When Behzad married Zeinab, her 17-year-old cousin, he was 12. Now they have a son and Behzad, at the age of 13, is Iran’s youngest father.

Behzad’s mother left her when he was 2, and Behzad grows up with his step-mother and step brother and sisters. Behzad never went to school, is illiterate and suffered a lot during his childhood.

Poverty, absence of mother and precocious puberty of Behzad, as well as Zeinab’s fatherlessness and family problems made Behzad and Zeinab to marry in childhood. Behzad, his wife and son live together with Zeinab’s mother, sisters and brothers in a parking in a poor neighborhood on the suburbs of Kerman.

They live under very poor conditions. The area where they leave is usually freezing cold and they don’t even have a heater. They also have no means entertainment, no TV, etc. Zeinab’s sister and two younger brothers don’t go to school due to poverty. Behzad is a labor but is not usually employed as he is very young and weak, and because employers prefer stronger men. That’s why Behzad remains idle on many days.

Like many other couples who got married during childhood, Behzad and Zeinab are suffering a lot and face problems such as poverty, lack of education, mental and physical health, lack of facilities, lack of social dignity and a gloomy future ahead of them.

Statistics on married children in Iran are contradictory and not precise.
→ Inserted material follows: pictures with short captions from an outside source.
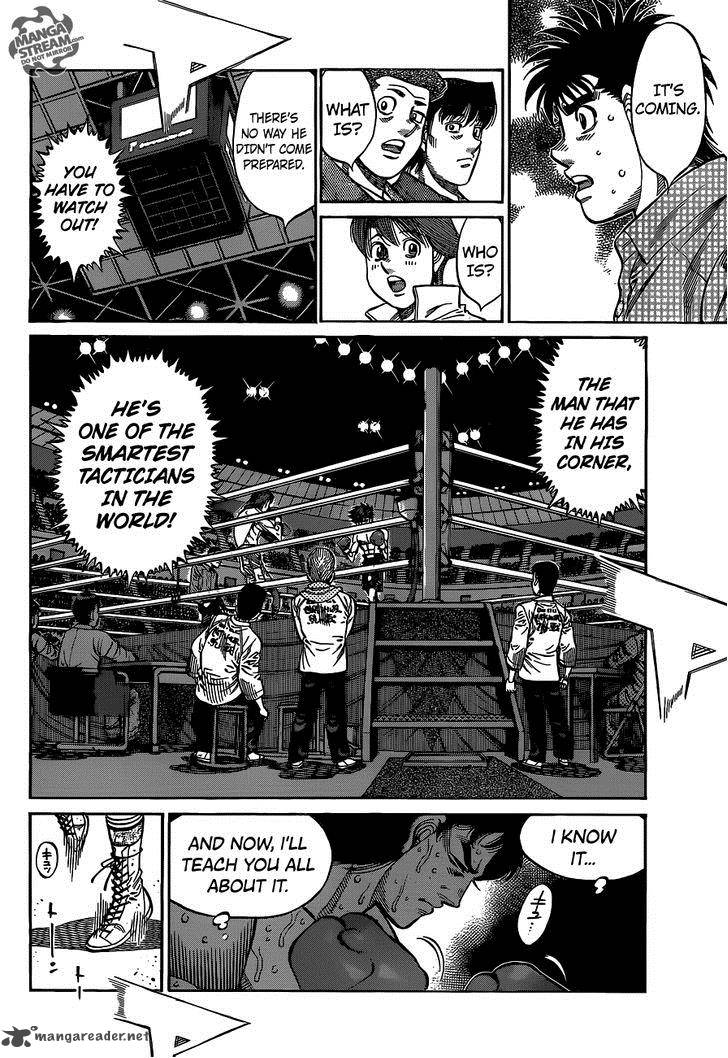 hajime_no_ippo_1087_5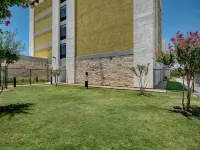 Home2 Suites by Hilton Dallas Addison Hotels in Addison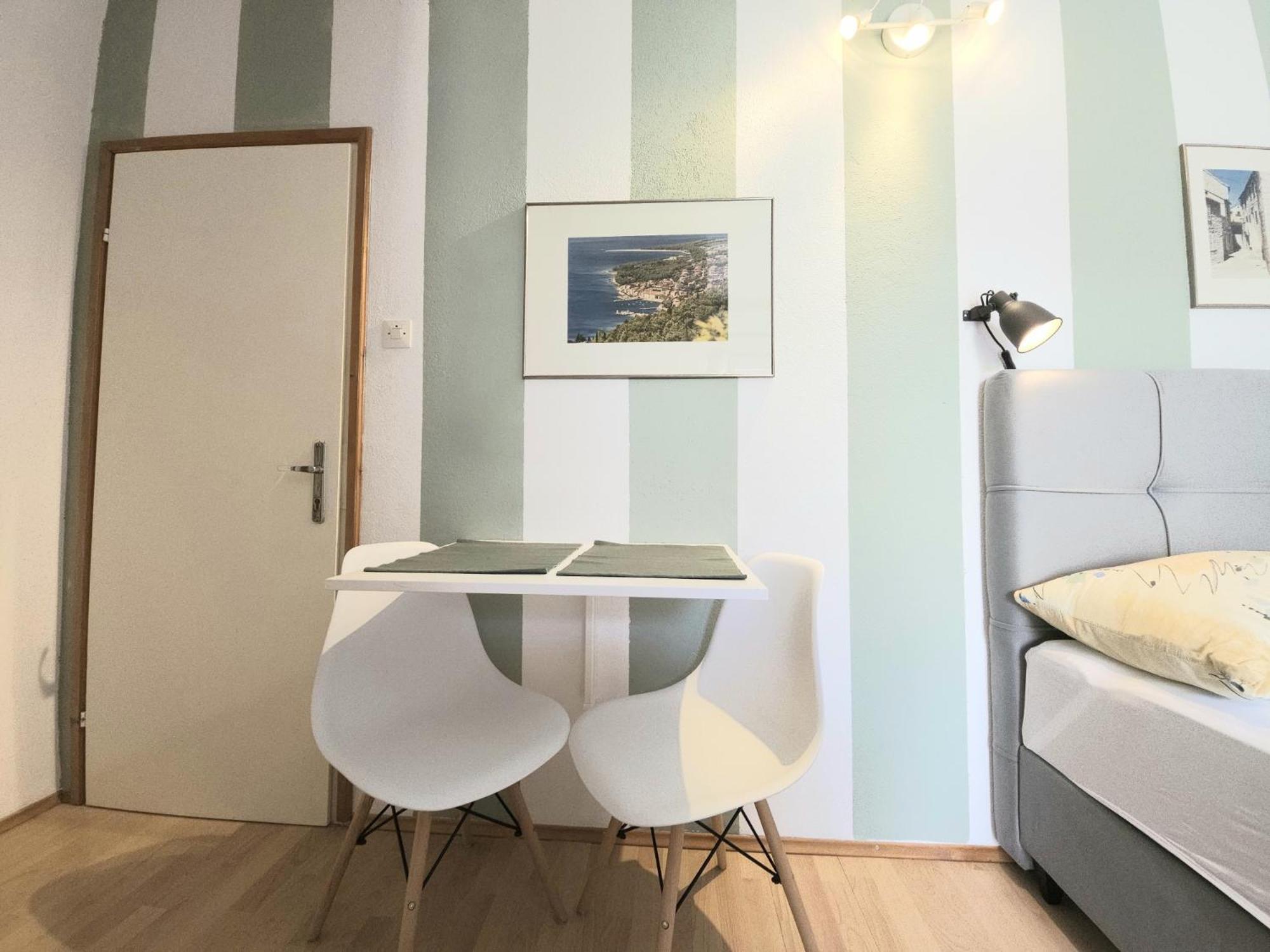 Bol Bliss Apartments מראה חיצוני תמונה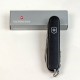 Ніж Victorinox Climber Mat 91мм,14функ,чорн мат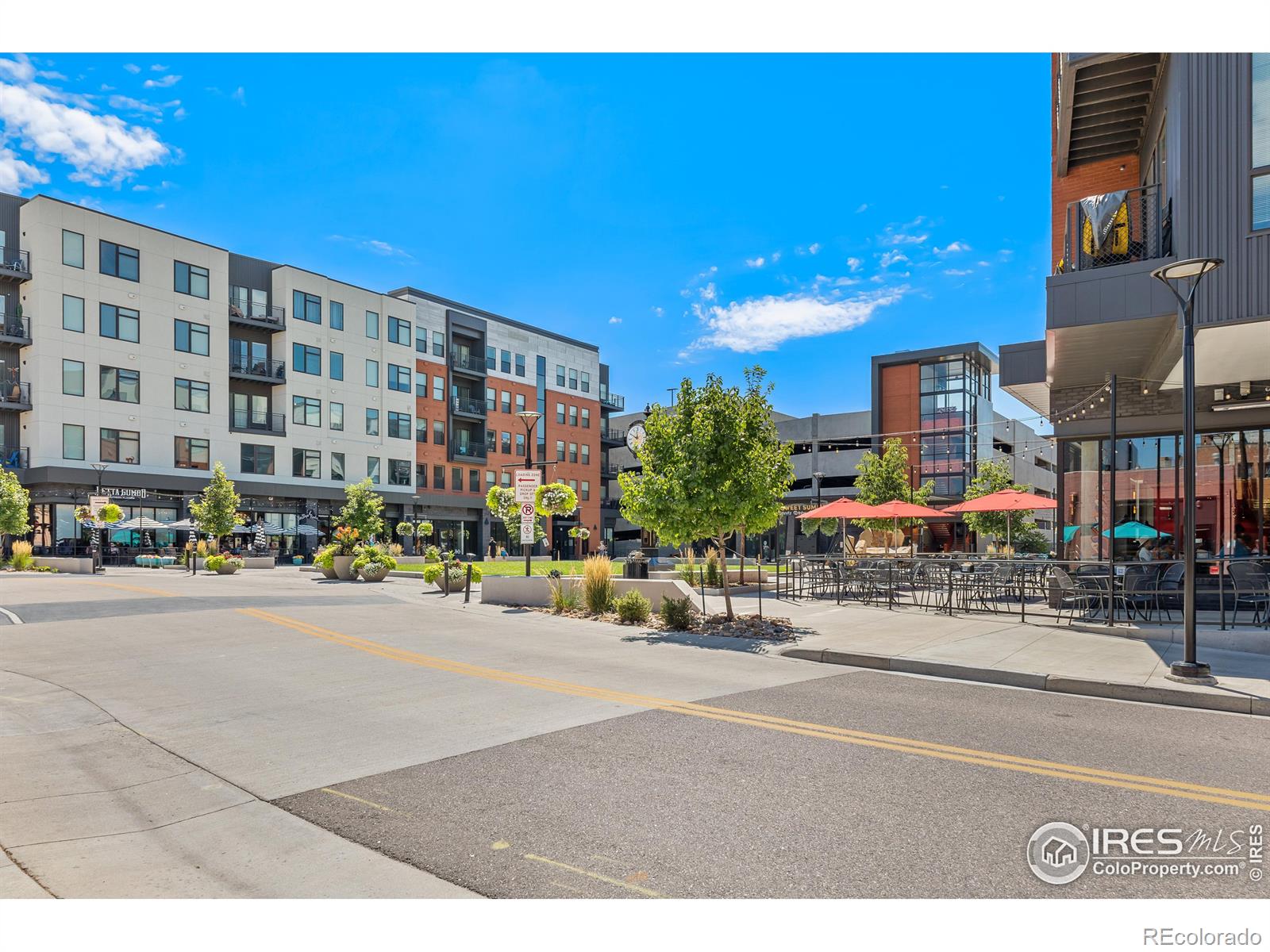 MLS Image #24 for 136 e 2nd street,loveland, Colorado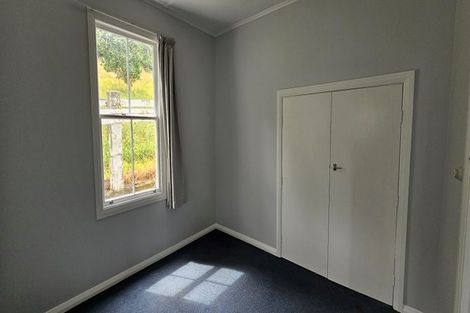 Photo of property in 120 Mein Street, Newtown, Wellington, 6021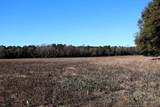 TBD Stuarts Mill Road - Photo 7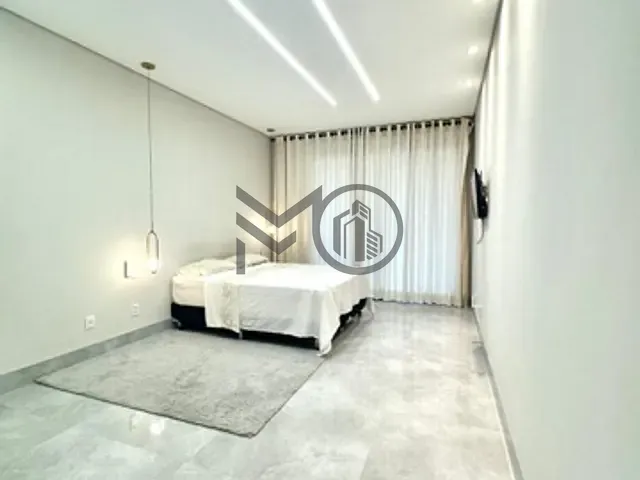 Casa com 300m² 4 quartos e 5 banheiros, à venda, no bairro Jardim Itália em Cuiabá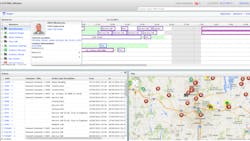 ViryaNets G4 ViryaNets G4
According to the country’s Civil Registration more than 42000 stance of marriage for children between 10 to 14 years old were registered in the Persian year between March 2010 to March 2011.  Experts say, however, that this statistics rather look like an effort to deny the problem of child marriage.

Child marriage is a real, global problem which exists everywhere from the middle East to Latin America, south Asia and even Europe. South Asia has the highest rate of child marriage.

The international community cannot do anything to lower global poverty unless it manages to remedy the problem of child marriage.